• EXERCISE BRIEF:
Copy out the lines of the records below, and only those lines, from the one with "Shark - Trev the Grey Nurse Shark" through the one with "1. Sınıf A kalite poodle yavrularımız", exactly as they appear.

• DATA SUPPLIED:
= = = =
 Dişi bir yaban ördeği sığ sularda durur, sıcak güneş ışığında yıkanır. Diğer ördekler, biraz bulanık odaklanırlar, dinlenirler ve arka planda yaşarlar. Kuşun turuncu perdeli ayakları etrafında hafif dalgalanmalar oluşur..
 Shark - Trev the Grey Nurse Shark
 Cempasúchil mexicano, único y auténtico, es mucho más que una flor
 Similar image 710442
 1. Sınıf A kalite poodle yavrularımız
= = = =
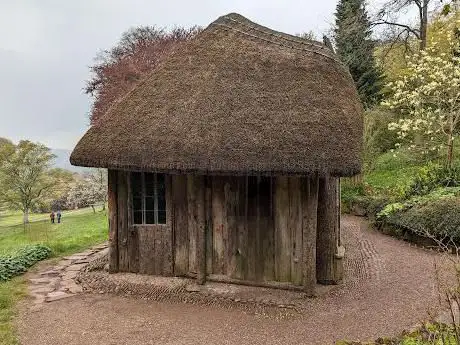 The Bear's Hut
= = = =
• RESPONSE BOX:
 Shark - Trev the Grey Nurse Shark
 Cempasúchil mexicano, único y auténtico, es mucho más que una flor
 Similar image 710442
 1. Sınıf A kalite poodle yavrularımız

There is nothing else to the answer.